++++ MATERIAL SUPPLIED

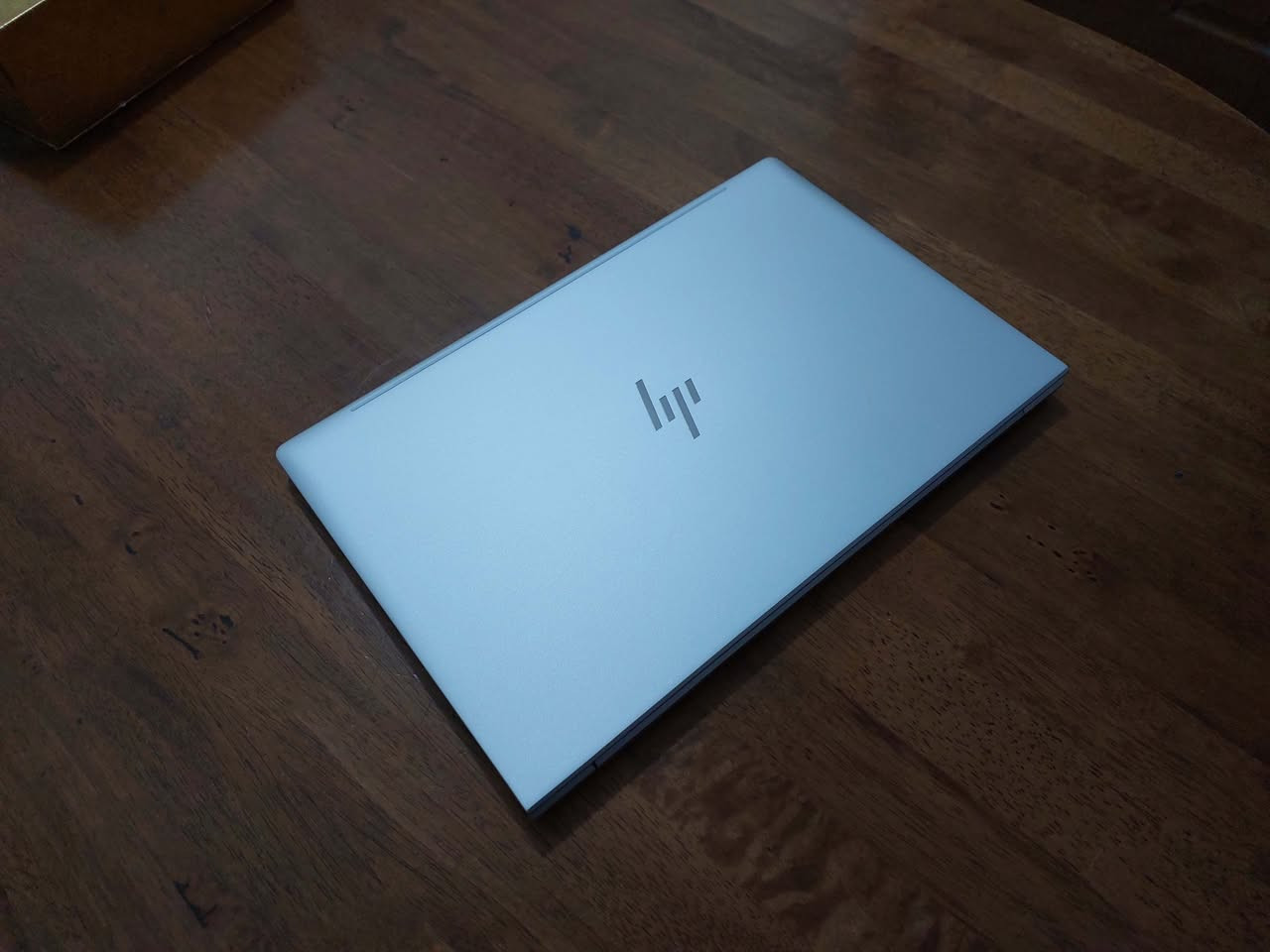 السلام عليكم ..  جيل 12 ....رام 16 كيكا  ...تحفةالكترونية من شركة hp  بلون وشكل وتصميم مميز جدا (المنيوم مو بلاستك)  ... شاشة حجم 15.6 دقة FULL HD 1080 نوع IPS الوان طبيعية  ... معالج قوي  كور اي  5  جيل 12  ..هارد نوع SSD M2 السريع ....بصمة اصبع ... اللابتوب جديد بمعنى الكلمة و شكلة روعة وسوبر سلم وشحنة فوق الممتاز  ملائم للبرامج الهندسية  والتصميم  والدراسة والاعمال وغيرها  ابيعة عالفحص والضمان السعر 350$  للاستفسار الاتصال *********** او *********** (واتس)
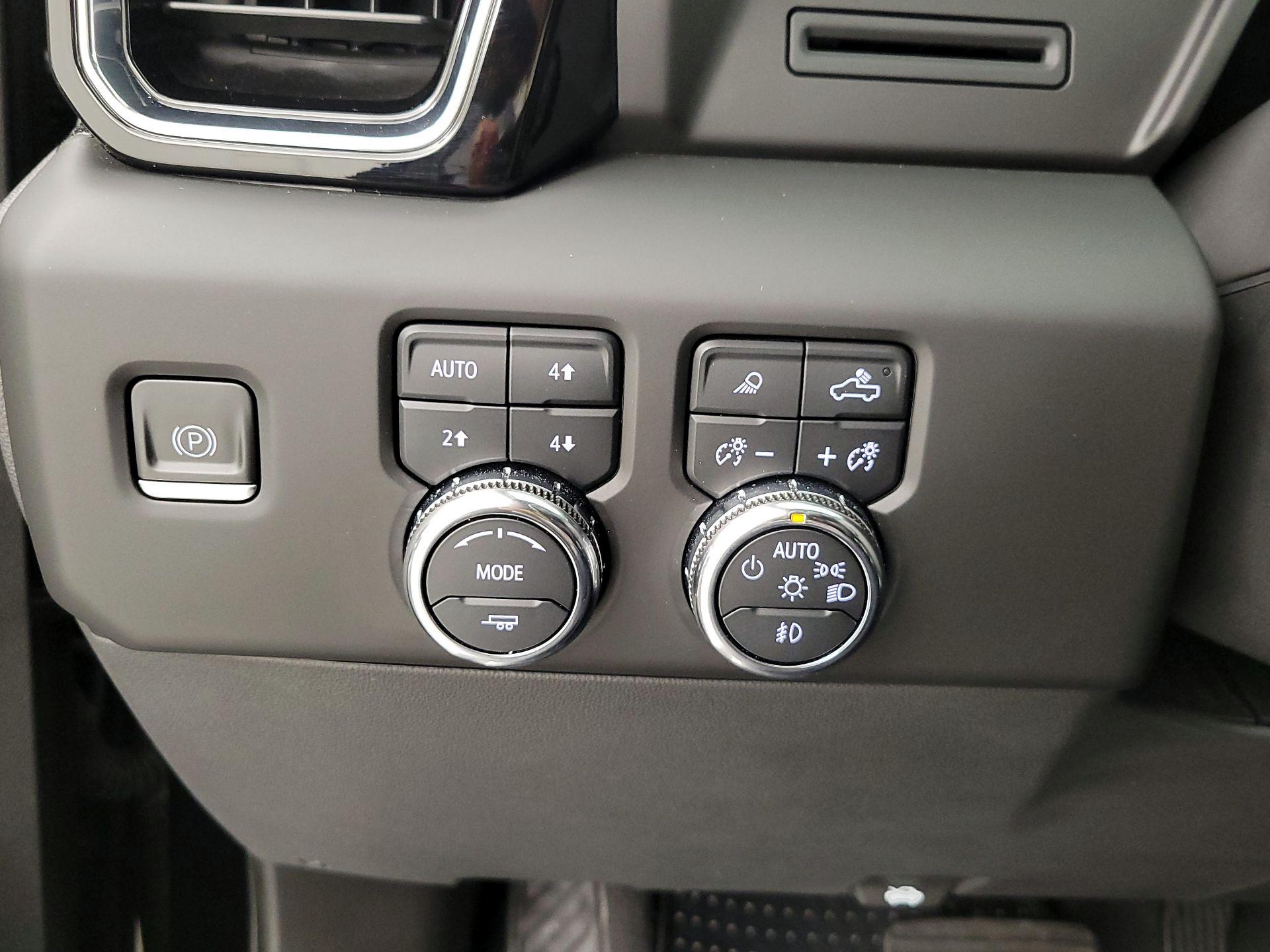 Thumbnail: 2023 GMC Sierra 1500 - 13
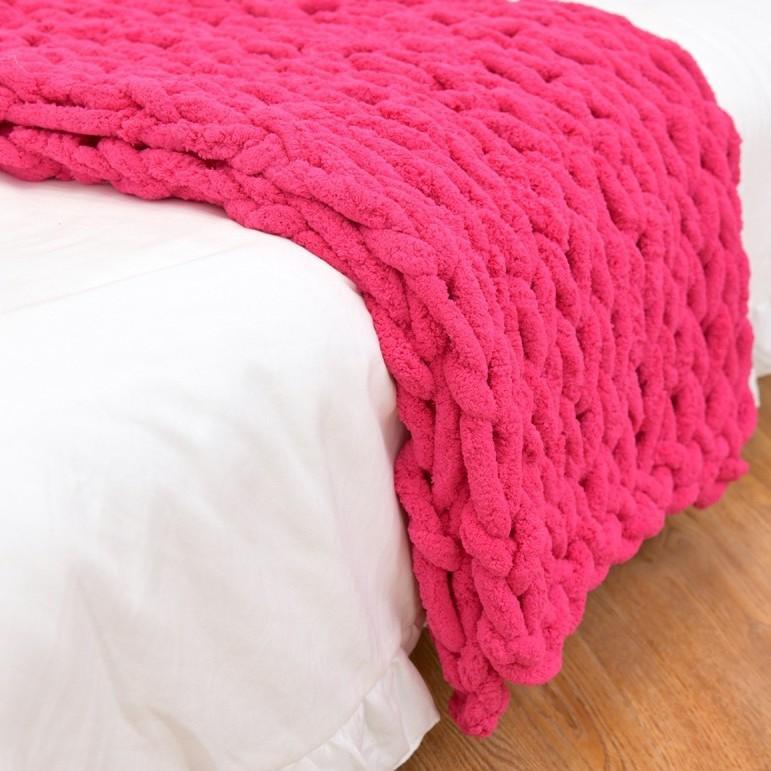 Knit Throw Blanket 20" X 25",Hand Made Large Chenille LoopBYarn Fluffy Throws for Couch Bed, Big Crochet Thick Woven Blanket
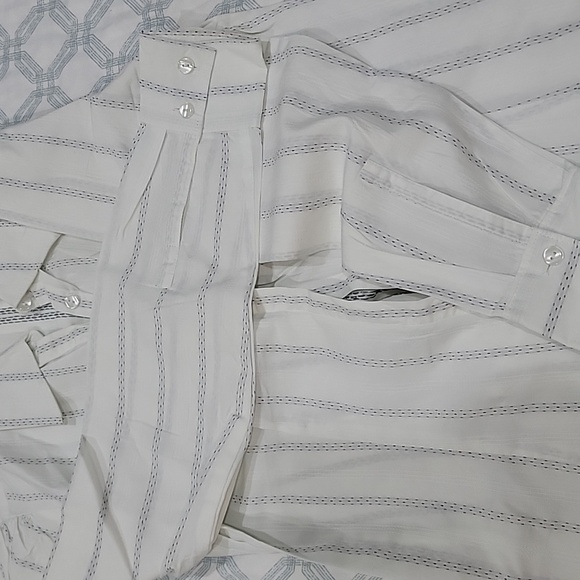 Top - Picture 2 of 4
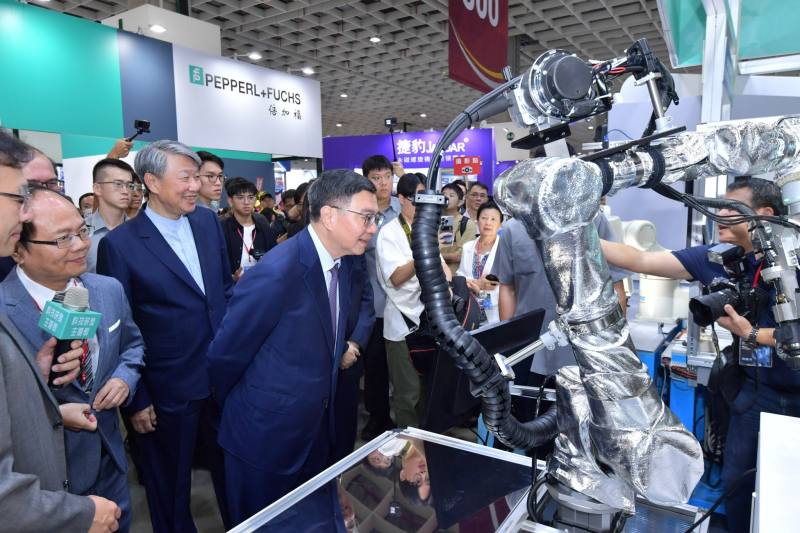 8月21日行政院長卓榮泰出席「台灣機器人與智慧自動化展」、「台北國際自動化工業大展」暨同期展會聯合開幕典禮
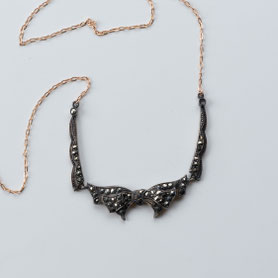 Collier, Ankerkette und Mittelteil Schleife mit Markasiten, 925 Silber, Kette neu mit 18k Roségold plattiert (20 Milliém) , Kettenlänge 41cm, Vintage Schmuck, antikes collier, Brautschmuck, Gothik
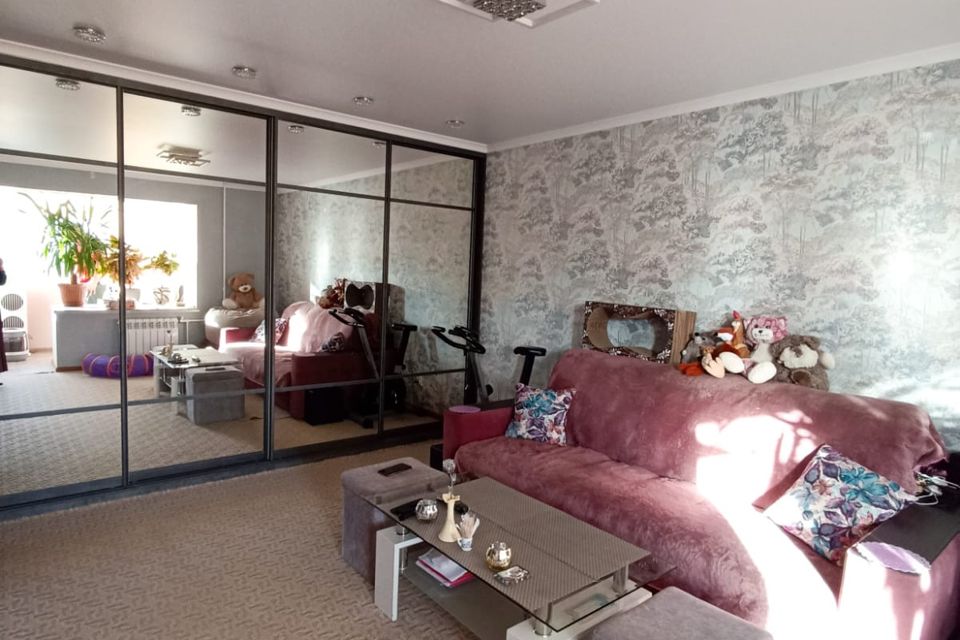 Продаётся 2-комнатная квартира, 48.8 м²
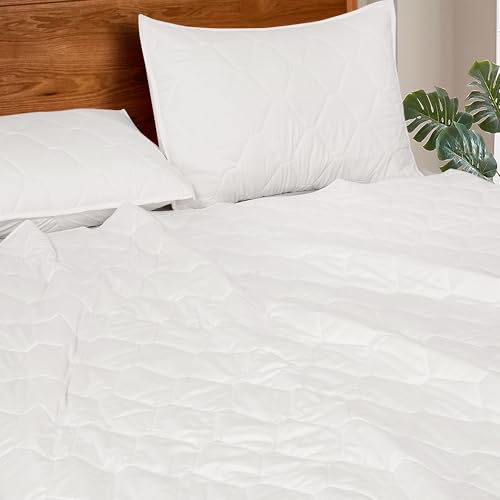 Image of ROYALE LINENS Twin Size 2 pc Quilt Set - Soft Lightweight 100% Microfiber Quilted Set - Solid Bedspread - Quilted Blanket Thin Comforter - Bedding Coverlets for All Seasons (Ivory, 1 Quilt- 1 Sham)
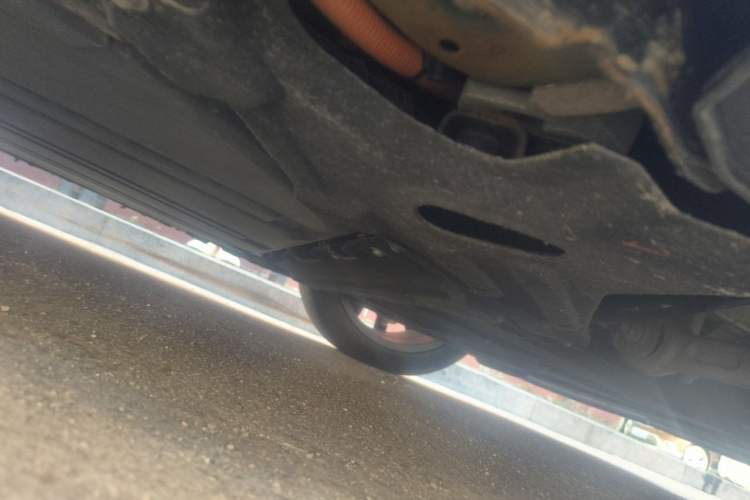 Used Leapmotor C01 2023 525 Comfort Edition Chassis Front Right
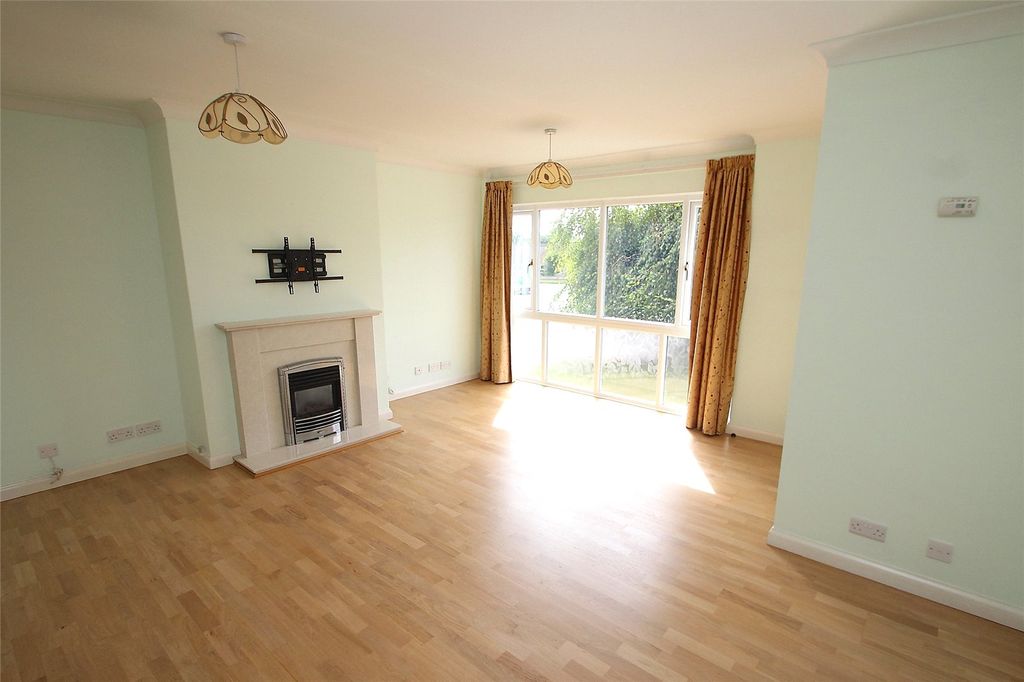 Property photo 2 of 14 Picture No. 20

++++++++

**PROBLEM:** Using the data above, which lines fall from the one with "Knit Throw Blanket" through the one with "Продаётся 2-комнатная квартира, 48.8 м²"? Repeat them exactly, ends included, minus any pictures.

**EXERCISE ANSWER:**
 Knit Throw Blanket 20" X 25",Hand Made Large Chenille LoopBYarn Fluffy Throws for Couch Bed, Big Crochet Thick Woven Blanket
 Top - Picture 2 of 4
 8月21日行政院長卓榮泰出席「台灣機器人與智慧自動化展」、「台北國際自動化工業大展」暨同期展會聯合開幕典禮
 Collier, Ankerkette und Mittelteil Schleife mit Markasiten, 925 Silber, Kette neu mit 18k Roségold plattiert (20 Milliém) , Kettenlänge 41cm, Vintage Schmuck, antikes collier, Brautschmuck, Gothik
 Продаётся 2-комнатная квартира, 48.8 м²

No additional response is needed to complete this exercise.